Melanoma Australia
An elderly Australian man reads a newspaper among other sun-worshippers on Sydney's famed Bondi beach during a sweltering summer day December 4, 2002. Reuters/Jason Reed

NSW Health Minister Jillian Skinner will be officially opening a $5 million research lab on Friday at the Westmead Institute that is set to enable considerable progress in the field of melanoma research and save lives of many Australians.

The Institute’s world-leading expertise in the analysis and treatment of melanoma has been significantly boosted by the new Australian Cancer Research Foundation (ACRF) Melanoma Laboratories at The Westmead Institute for Medical Research.

The Institute’s co-director of cancer research, professor Graham Mann, thanked Australians at the official opening of the laboratories in Sydney on Thursday. He said that it was their generosity that allowed the clinicians and melanoma researchers at The Westmead Institute to become global leaders in skin cancer research.

“The grant from the Australian Cancer Research Foundation allowed us to hard-wire melanoma research and its translation into clinical care at the Westmead campus. And it has created an attractive environment that continues to bring the best cancer researchers to work on melanoma at Westmead,” Mann said in a press release.

He added that the next step for the researchers would be to identify and understand melanoma’s numerous genetic variations. They also need to understand why these variations result in varied treatment responses in individual patients.

Mann is confident that the drugs that are being used now are befitting a lot of patients, even those having extensive melanoma. He is excited at this tremendous progress the Westmead researchers have made. However, he also pointed out the need to have more options as existing treatments do not work for everyone.

In order to rapidly identify which drug would be effective for a particular patient, Mann spoke on the importance of smarter testing.
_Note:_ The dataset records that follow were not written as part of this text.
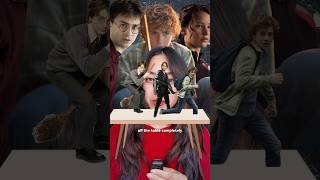 Harry Potter Vs. Percy Jackson Vs. Katniss Everdeen Who Would Win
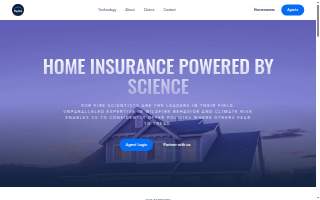 Delos Strength website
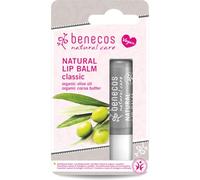 benecos - natural beauty - Baume à lèvres BDIH et Vegan - parfum nature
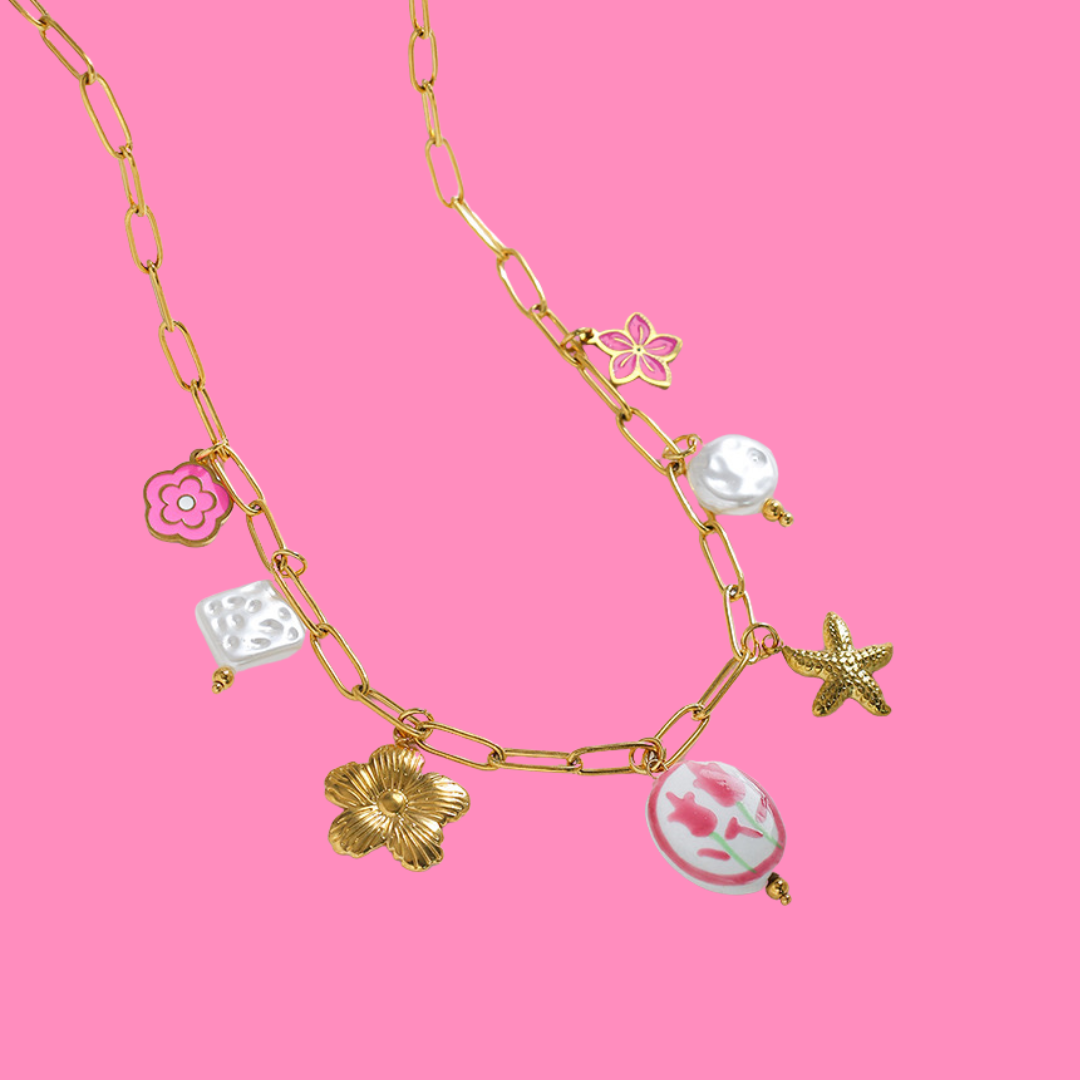 Coastal Chic Necklace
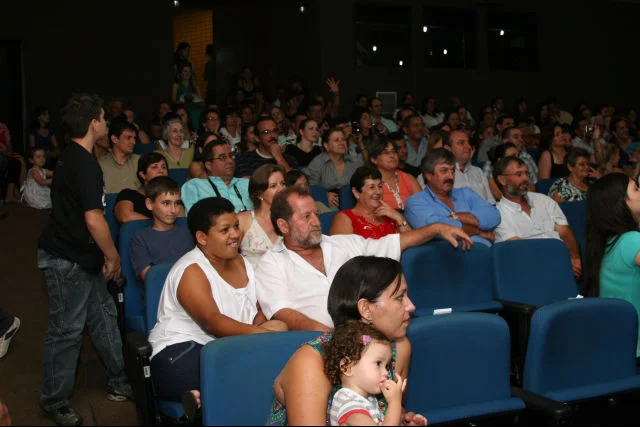 Formatura da Educação Infantil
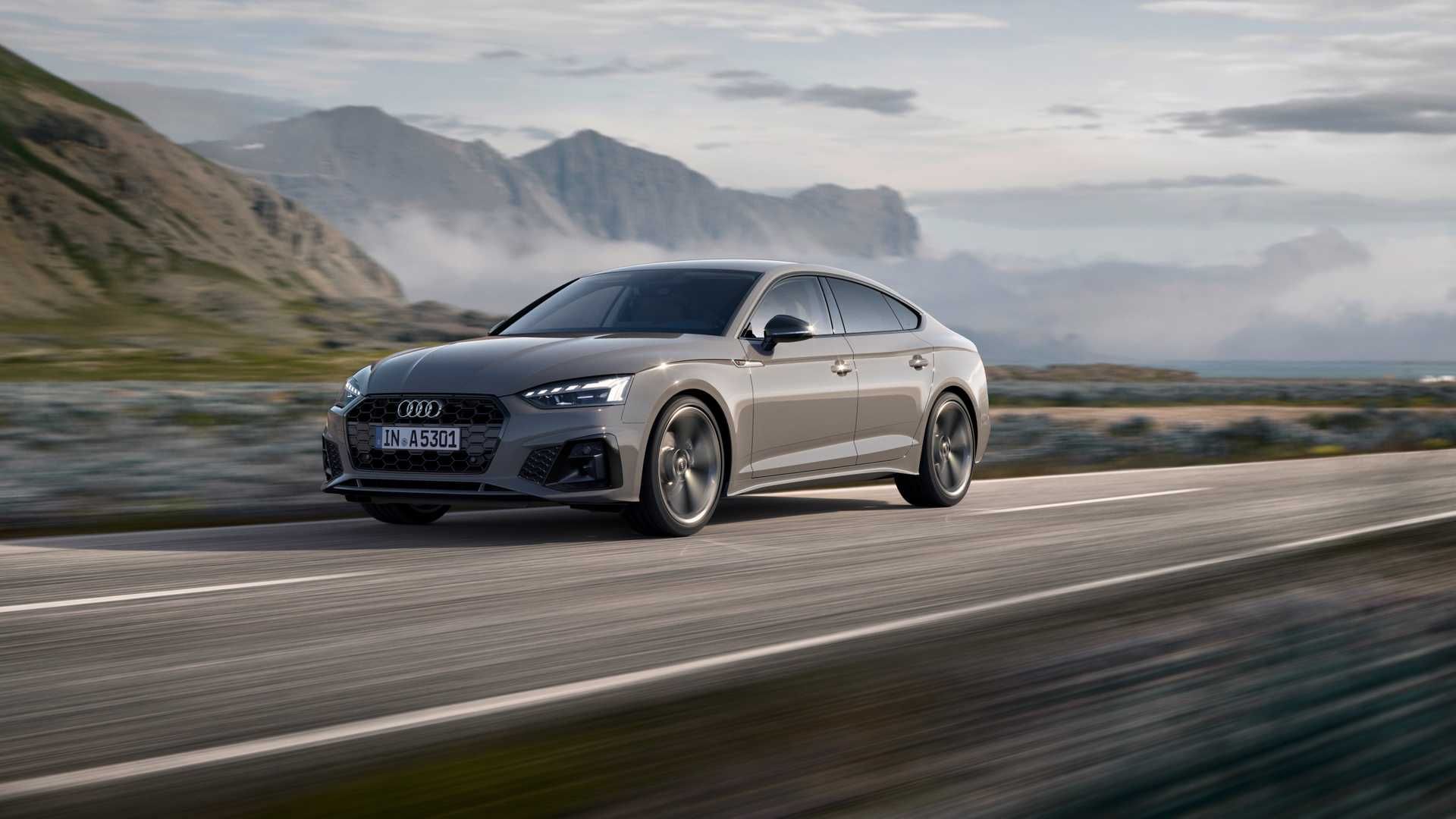Audi A5 Sportback 2020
He is determined to make melanoma treatable for everyone aided by state-of-art labs like the ACRF Melanoma Laboratories at The Westmead Institute.

Till date, researchers at the highly-advanced labs have been able to discover the first gene causing a high risk of melanoma. They went on to discover most of the 20 gene variations identified till date that, together with sun exposure, determine melanoma risk in the community.

The researchers via the ACRF Melanoma Laboratories have also contributed to the largest melanoma research collections in the world, in partnership with Melanoma Institute Australia, driving efforts to realize why certain treatments work or don’t work and informing the next generation of effective treatments.

The Westmead labs also laid the foundation for one of the very first trials in the world of immune checkpoint inhibitor drugs and mutation targeted therapy.

“Translational research aims to close the gap between basic research and clinical application. In recent years ACRF has had the privilege to support this kind of visionary work that we are confident it will play a major part in facilitating a pathway from medical discovery to improved health,” said professor Ian Brown, CEO, Australian Cancer Research Foundation.